Alien-Invasion? Trump jagt »Wahlbetrüger«
Eine Kommission soll »bleibenden Zweifeln« über illegale Voten für Hillary Clinton nachgehen
Kris Korbach jagt Wähler. Und zwar jene, die nach Meinung von US-Präsident Trump illegal für Hillary Clinton gestimmt haben. Man müsse »bleibenden Zweifeln« nachgehen, erklärte Korbach. Der Republikaner aus Kansas ist Vorsitzender der von Trump einberufenen »Kommission für Wahlintegrität«. In seinem Heimatstaat habe er möglichen Wahlbetrug durch Migranten oder verurteilte Straftäter untersucht, nun müsse man eine »landesweite Untersuchung« durchführen, fordert Korbach.
Dazu traf sich die Kommission am Donnerstag zum ersten Mal, hinter verschlossenen Türen. Obwohl die Gruppe angekündigt hatte, öffentlich zu tagen, konnte die Öffentlichkeit nur per Livestream teilhaben.
Ende Juni hatte die Anfang Mai per Erlass des Präsidenten gegründete Kommission die Bundesstaaten aufgefordert, zahlreiche Daten aus ihren Wählerverzeichnissen an die Kommission zu übergeben - darunter Adressen, Geburtsdaten, Teile der Sozialversicherungsnummer und die Wahlbeteiligung seit 2006.
44 der 50 Bundesstaaten - auch republikanisch regierte - hatten das unter Verweis auf den Datenschutz abgelehnt oder nur bereits öffentlich verfügbare Daten zugänglich gemacht. Die Kommission könne »in den Golf von Mexiko springen«, er werde die »Privatsphäre der Bürger schützen«, erklärte etwa der Staatssekretär von Mississippi, Delbert Hoseman. Letzte Woche machte die Kommission dann einen Rückzieher, weil die Bürgerrechtsorganisation Electronic Privacy Information Center (EPIC) Klage eingereicht hatte.
Der amtierende US-Präsident hatte bei den Präsidentschaftswahlen die Mehrheit der Wahlmänner-Stimmen, nicht aber die des »Popular Vote« gewonnen. Landesweit hatte Hillary Clinton rund drei Millionen Stimmen mehr erhalten als der New Yorker Multimillionär. Immer wieder hatte Trump von »manipulierten« Wahlen gesprochen. Nach der Wahl behauptete der US-Präsident, er habe nach »Abzug der Stimmen von Millionen Menschen, die illegal gewählt haben«, auch die Mehrheit der Stimmen landesweit gewonnen.

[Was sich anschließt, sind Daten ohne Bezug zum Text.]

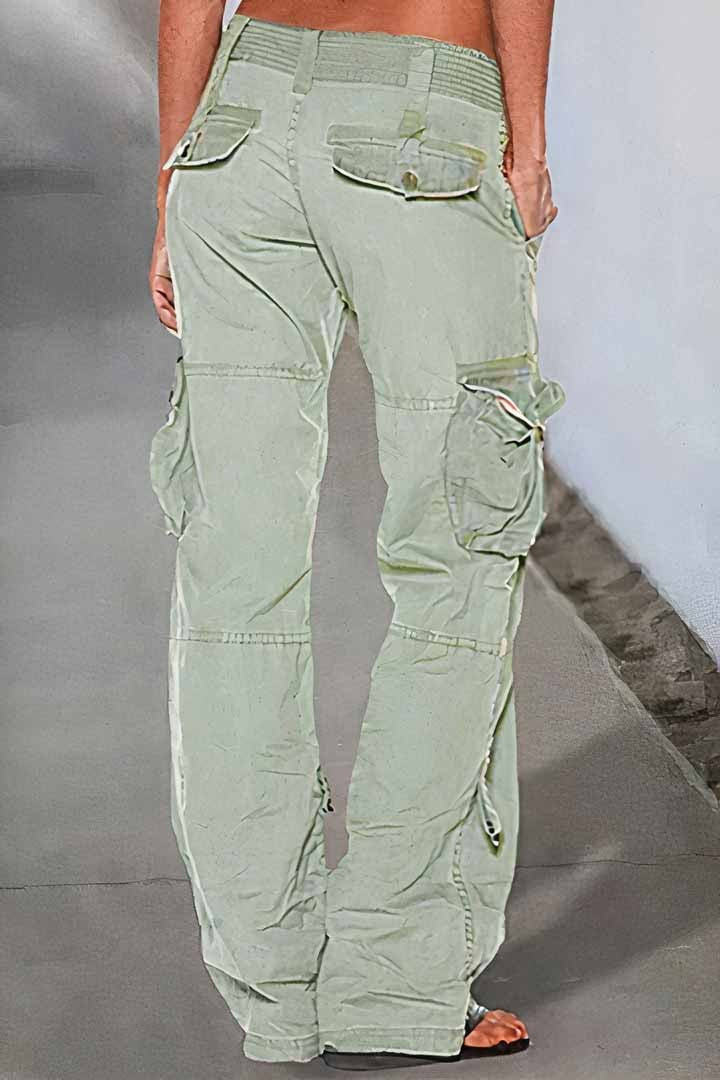 Low Waist Pocket Side Zip Decor Straight Cargo Pants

Doch für Wahlbetrug haben Wissenschaftler nur verschwindend geringe Anzeichen gefunden. Zwar ermittelte eine Pew Research Studie 2012, dass landesweit 1,8 Millionen Menschen noch in den Wählerlisten eingetragen waren, obwohl sie bereits verstorben sind, doch es gibt keine Hinweise, dass daraus massenhafter Wahlbetrug folgte. Eine Studie der Loyola-Universität, die eine Milliarde abgegebene Stimmen von 2000 bis 2014 untersuchte, fand nur 31 explizite Betrugsindizien.
Trump und Korbach stehen in einer langen Tradition republikanischer Sorge über angeblichen Wahlbetrug durch Migranten und Straftäter, die in vielen US-Bundesstaaten nicht wählen dürfen. Um angeblichen Wahlbetrug zu verhindern, sind in vielen Staaten strikte Wählergesetze erlassen worden, die etwa eine frühzeitige Registrierung oder in einem Land ohne Ausweispflicht die Vorlage eines Ausweises verlangen und marginalisierte Gruppen benachteiligen - diese wählen häufig eher die Demokraten.

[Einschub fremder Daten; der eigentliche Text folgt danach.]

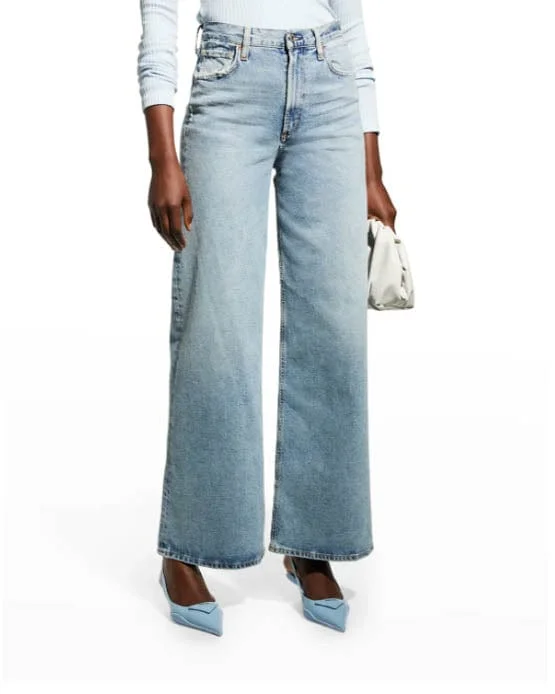 "Paloma Wide Leg" Jeans Comfortable Folded Hem Jeans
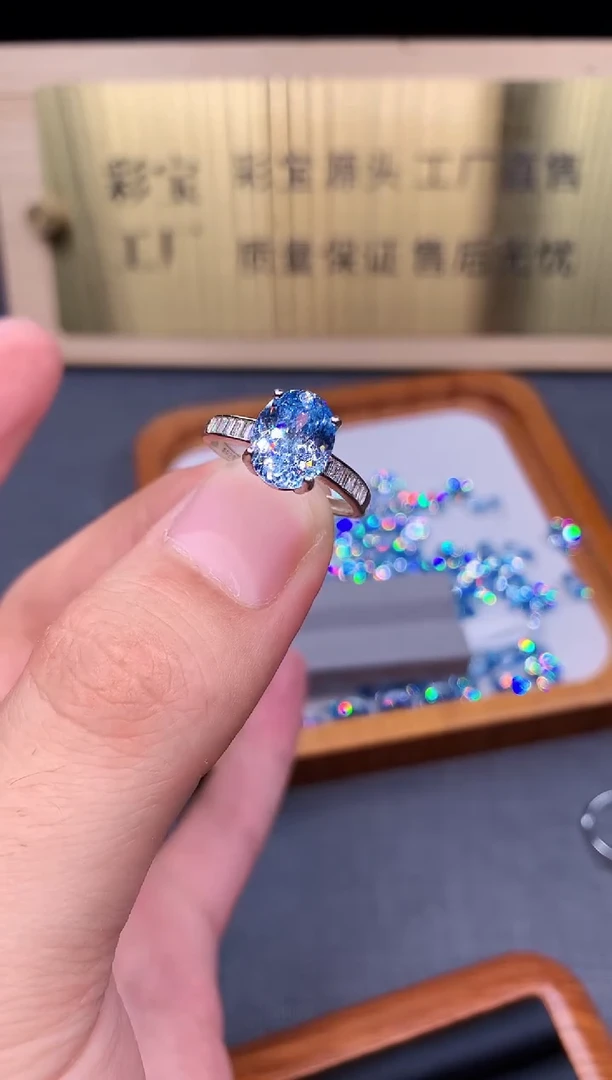 海蓝宝石戒指银S925镶嵌4532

»Wir wollen die Stimme der amerikanischen Wähler hören«, denn »darum ginge es wirklich«, erklärte Vizepräsident Mike Pence am Mittwochabend. Tatsächlich gehe es dem Präsidenten aber nicht um Wahlbetrug, sondern darum marginalisierte Gruppen, die traditionell die Demokraten wählen, wie Latinos oder Schwarze von der Wahl abzuhalten, kritisieren liberale Aktivisten. Davon profitieren vor allem die Republikaner und ihre treuesten Wähler: eher wohlhabende und ältere Weiße.
»König der Wählerunterdrücker« nennt die Bürgerrechtsorganisation Kris Korbach übrigens. Sie hat in der Vergangenheit bereits vier Mal gegen den Republikaner geklagt. Ein anderes Mitglied der Kommission bebilderte einen Bericht über angeblichen Wahlbetrug mit Ufo-Bildern - die Überschrift: »Alien Invasion«.